→ **TASK TO CARRY OUT**:
If an entry holds a picture, skip the picture but copy everything else exactly.

──────────

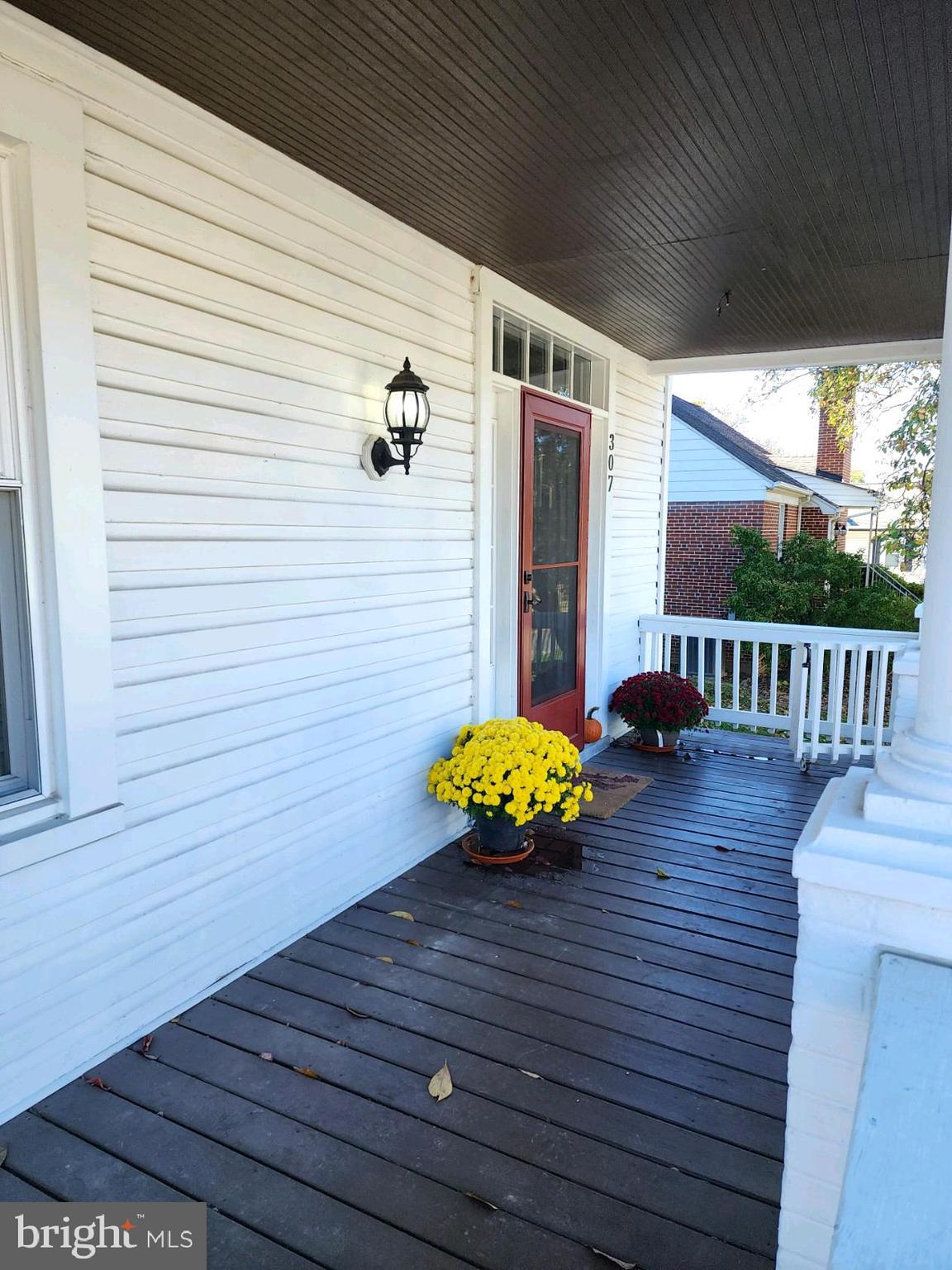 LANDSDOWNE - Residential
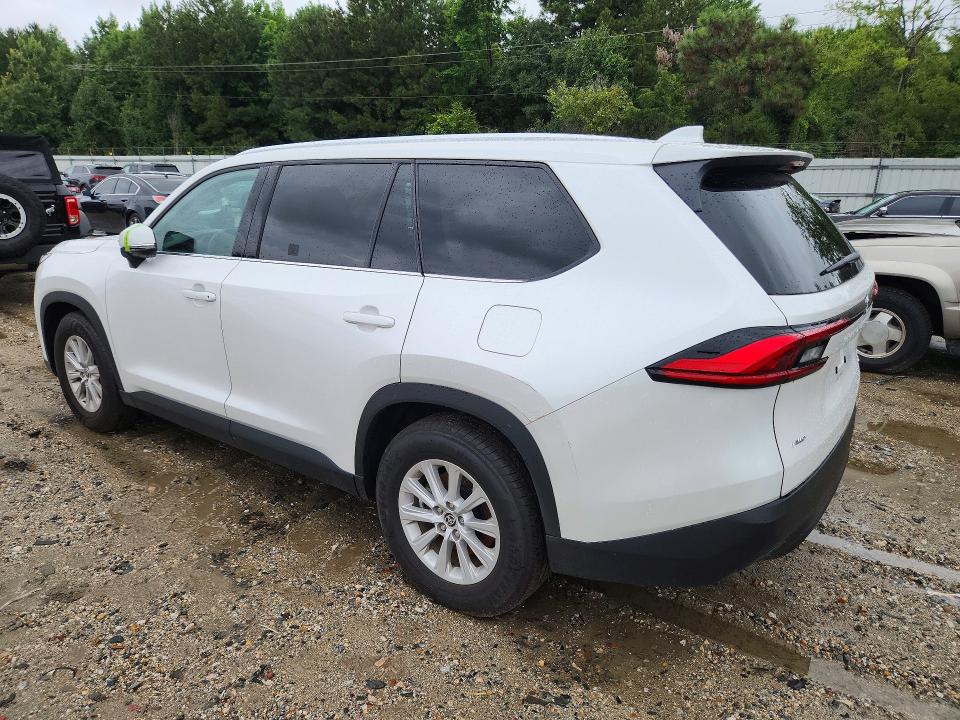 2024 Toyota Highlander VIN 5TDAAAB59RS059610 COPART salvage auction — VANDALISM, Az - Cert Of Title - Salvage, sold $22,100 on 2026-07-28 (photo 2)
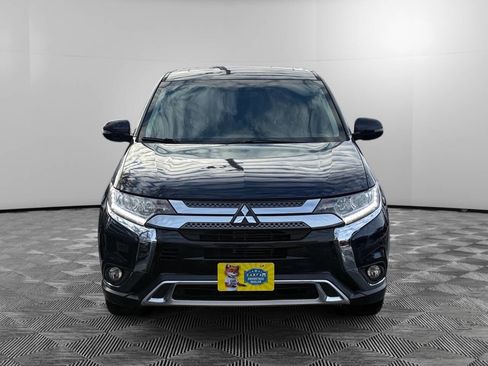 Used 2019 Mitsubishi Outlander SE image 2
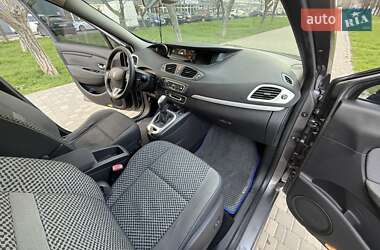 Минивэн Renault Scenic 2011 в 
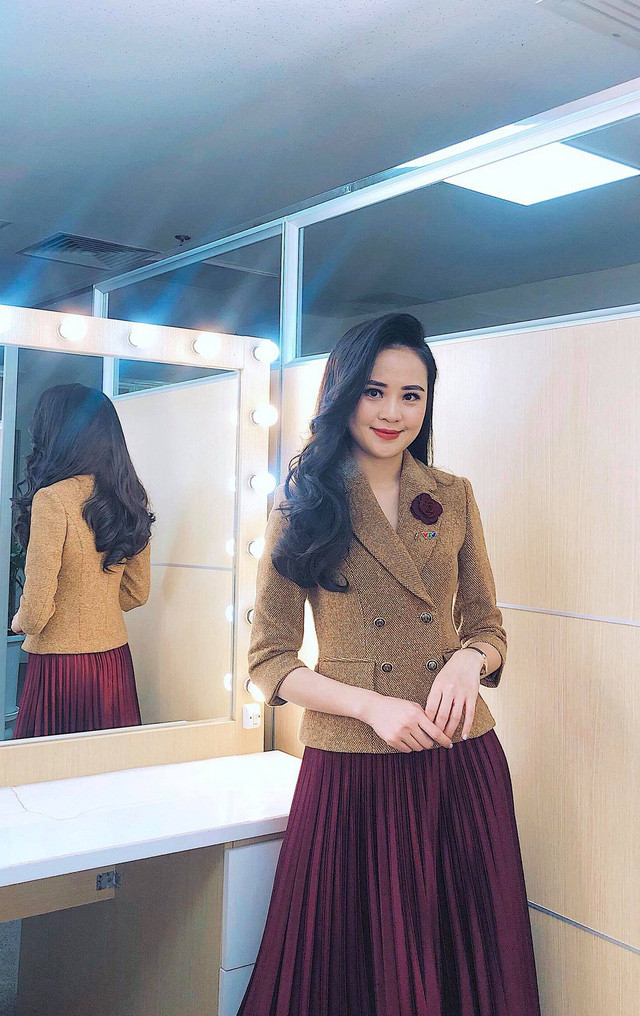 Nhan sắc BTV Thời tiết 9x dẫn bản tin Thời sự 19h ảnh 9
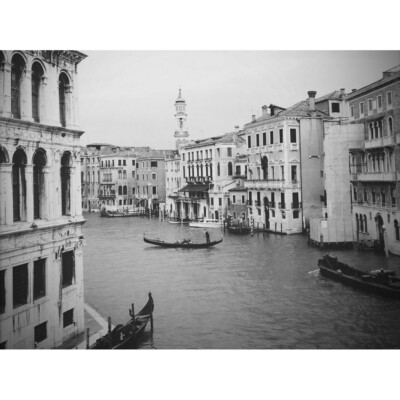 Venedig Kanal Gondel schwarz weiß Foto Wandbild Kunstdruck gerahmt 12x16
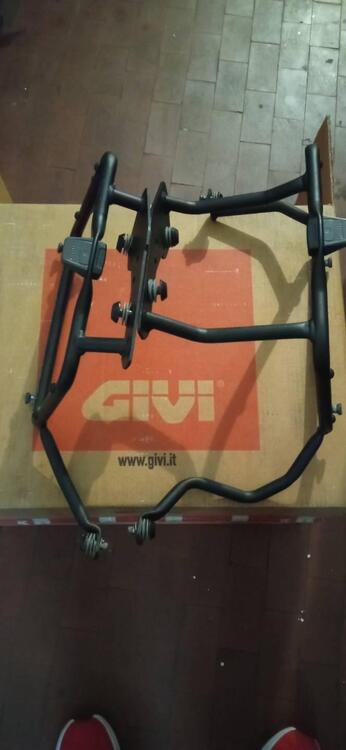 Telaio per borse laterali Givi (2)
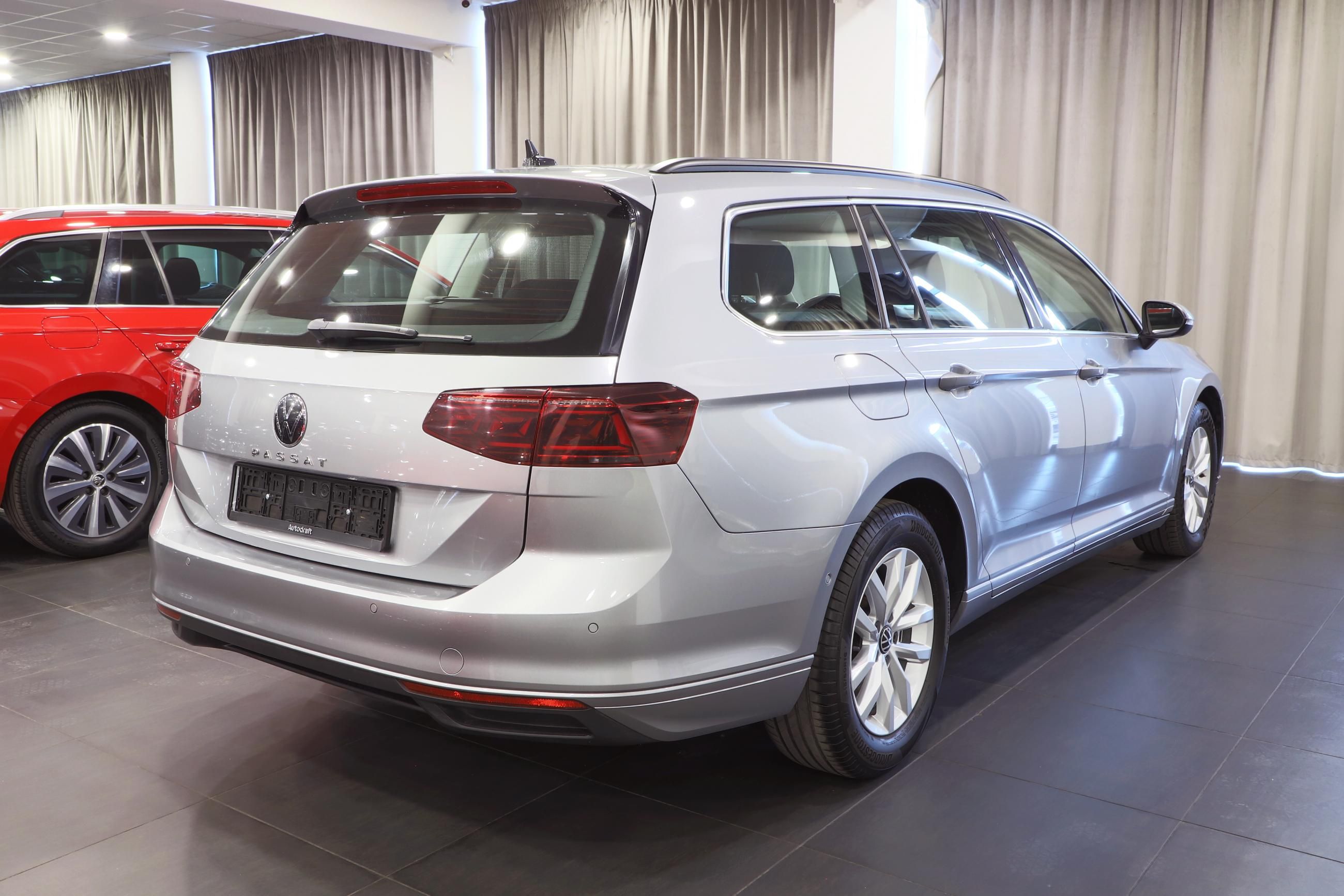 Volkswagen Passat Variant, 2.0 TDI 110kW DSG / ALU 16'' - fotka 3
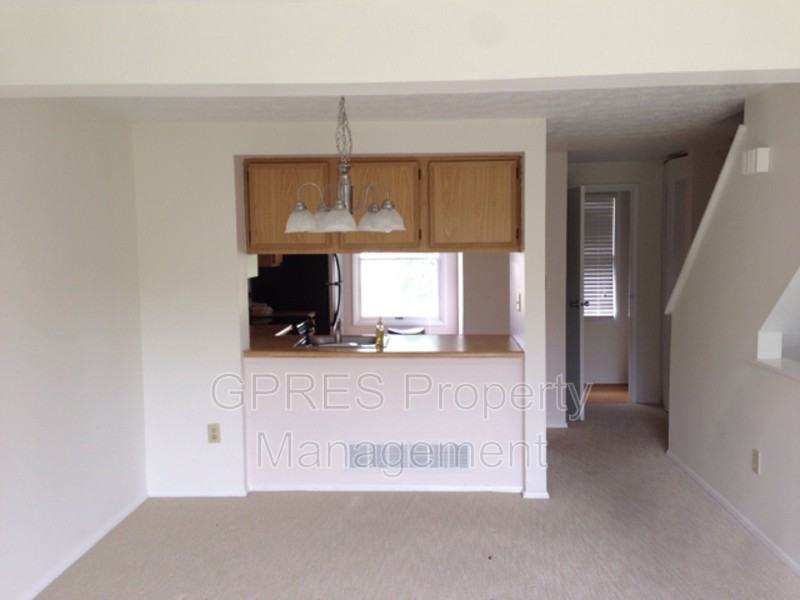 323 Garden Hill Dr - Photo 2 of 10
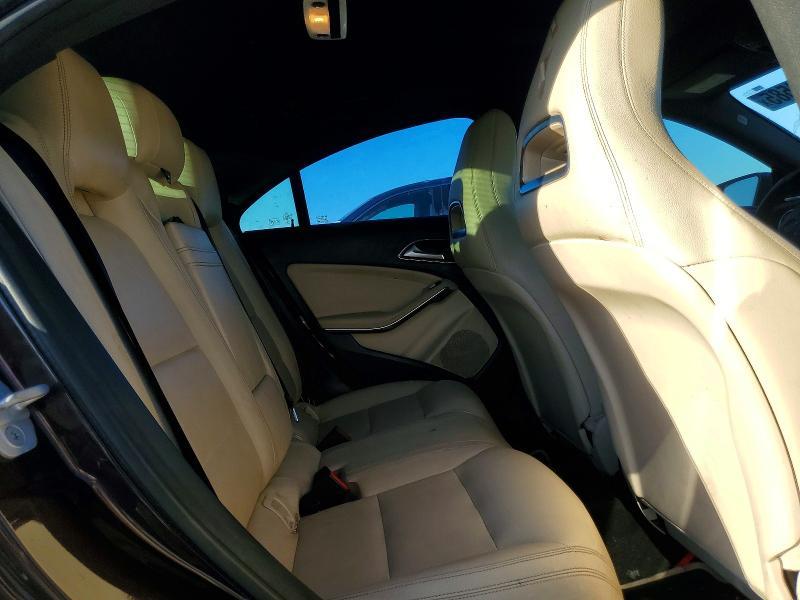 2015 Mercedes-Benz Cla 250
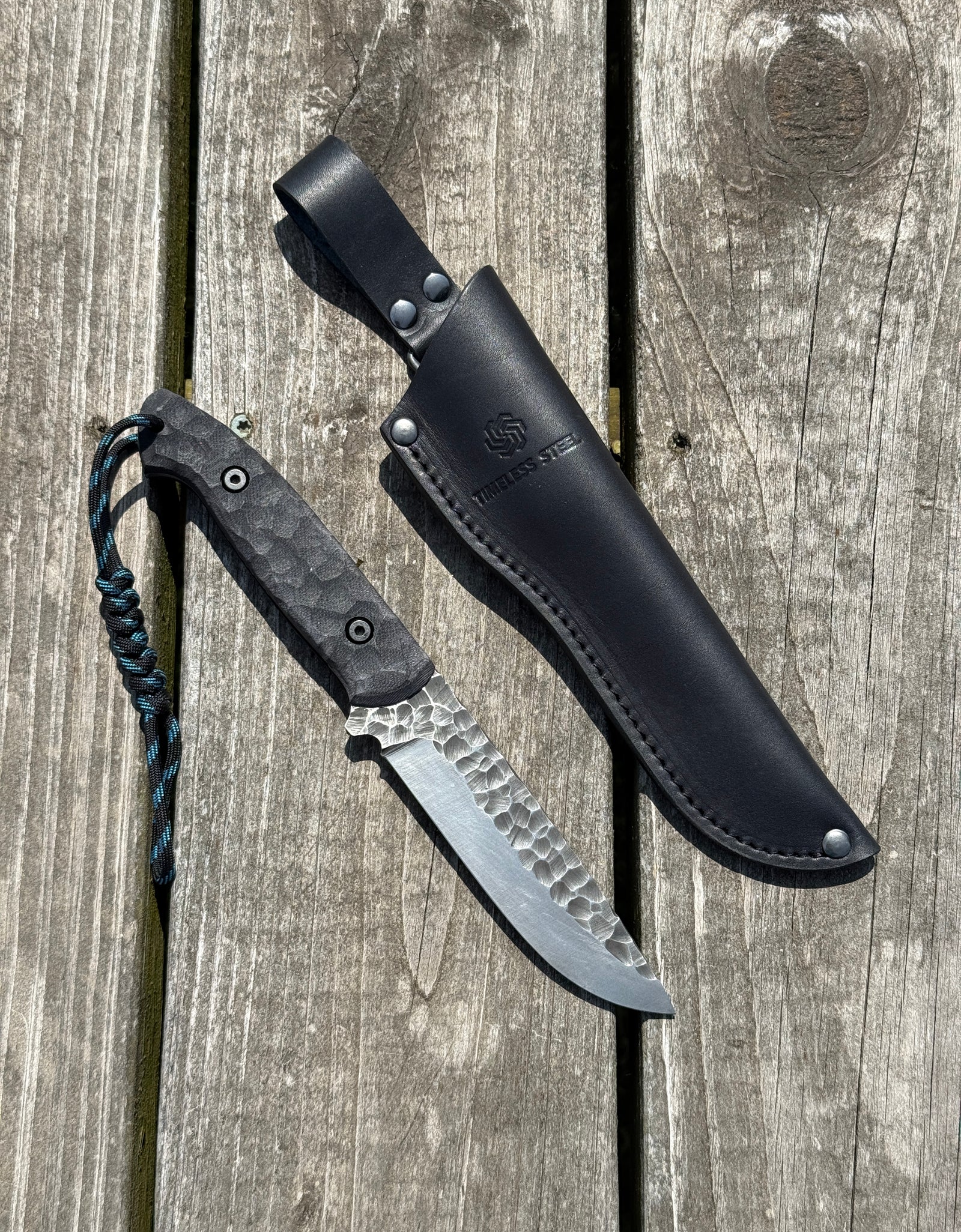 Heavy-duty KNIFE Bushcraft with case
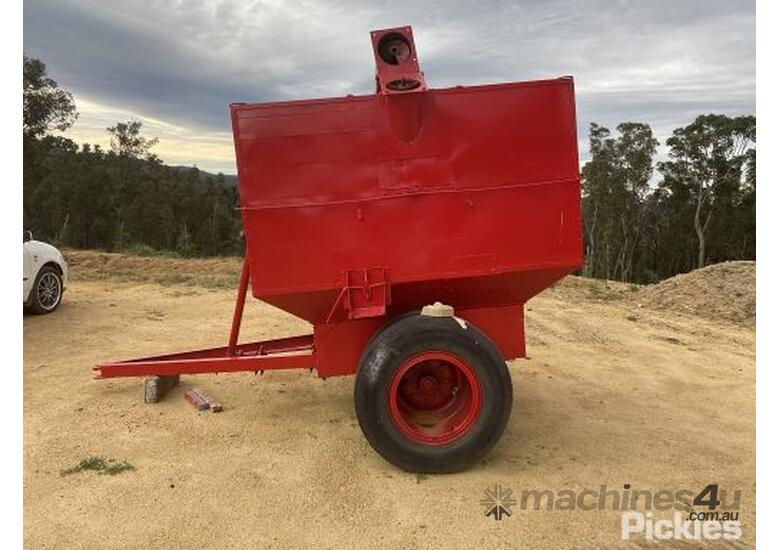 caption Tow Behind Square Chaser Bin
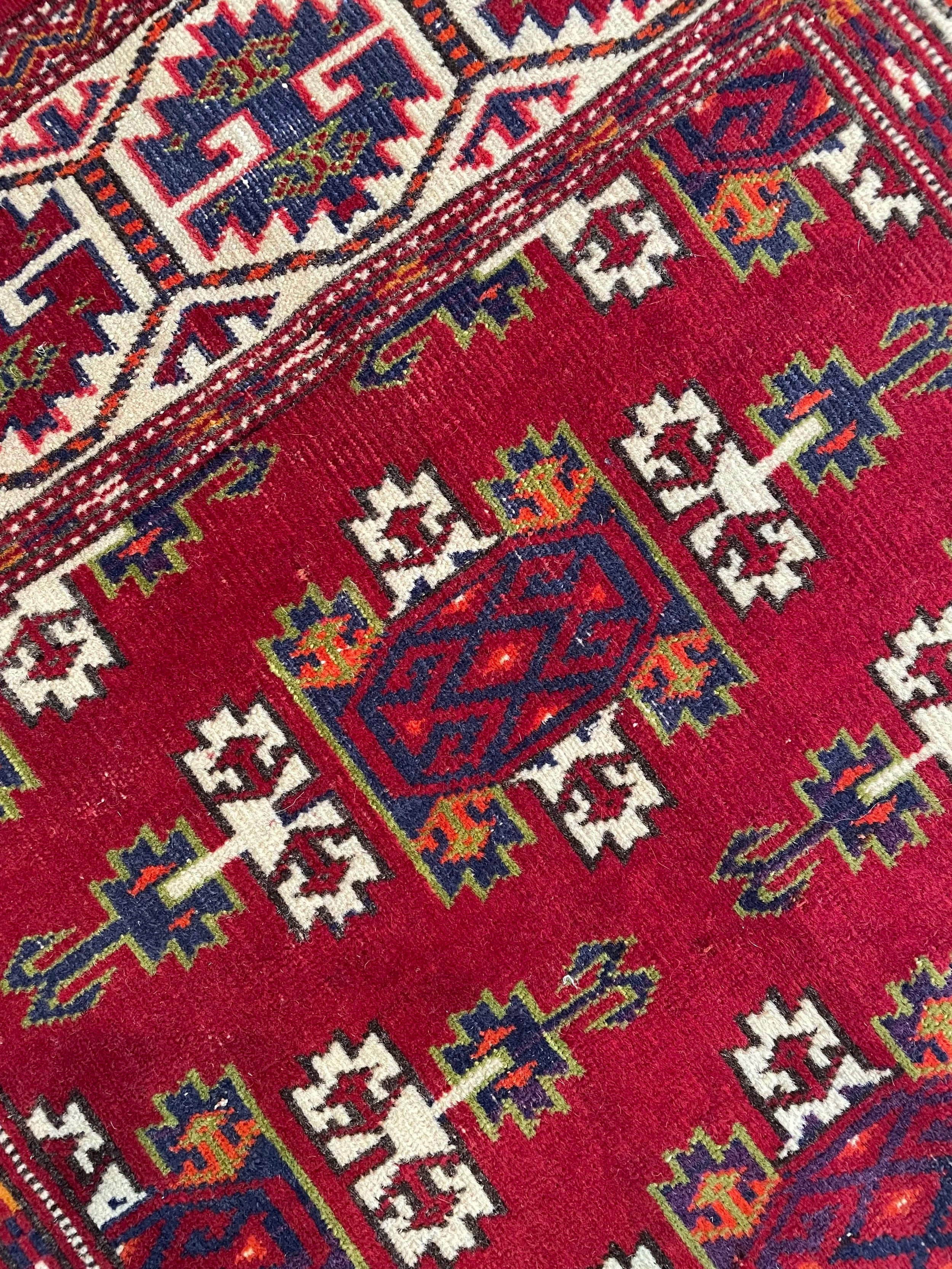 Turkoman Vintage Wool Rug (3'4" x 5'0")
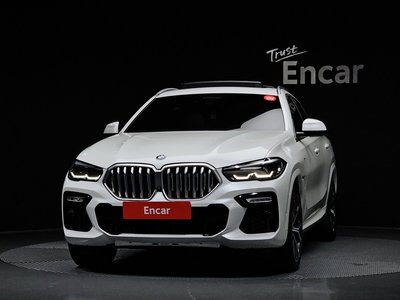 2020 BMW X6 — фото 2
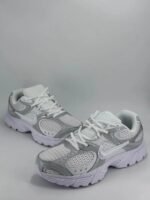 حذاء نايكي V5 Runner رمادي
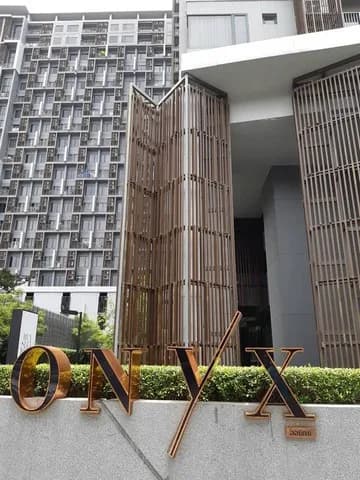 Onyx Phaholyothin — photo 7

──────────

→ **SOLUTION TO THE PROBLEM**:
 LANDSDOWNE - Residential
 2024 Toyota Highlander VIN 5TDAAAB59RS059610 COPART salvage auction — VANDALISM, Az - Cert Of Title - Salvage, sold $22,100 on 2026-07-28 (photo 2)
 Used 2019 Mitsubishi Outlander SE image 2
 Минивэн Renault Scenic 2011 в 
 Nhan sắc BTV Thời tiết 9x dẫn bản tin Thời sự 19h ảnh 9
 Venedig Kanal Gondel schwarz weiß Foto Wandbild Kunstdruck gerahmt 12x16
 Telaio per borse laterali Givi (2)
 Volkswagen Passat Variant, 2.0 TDI 110kW DSG / ALU 16'' - fotka 3
 323 Garden Hill Dr - Photo 2 of 10
 2015 Mercedes-Benz Cla 250
 Heavy-duty KNIFE Bushcraft with case
 caption Tow Behind Square Chaser Bin
 Turkoman Vintage Wool Rug (3'4" x 5'0")
 2020 BMW X6 — фото 2
 حذاء نايكي V5 Runner رمادي
 Onyx Phaholyothin — photo 7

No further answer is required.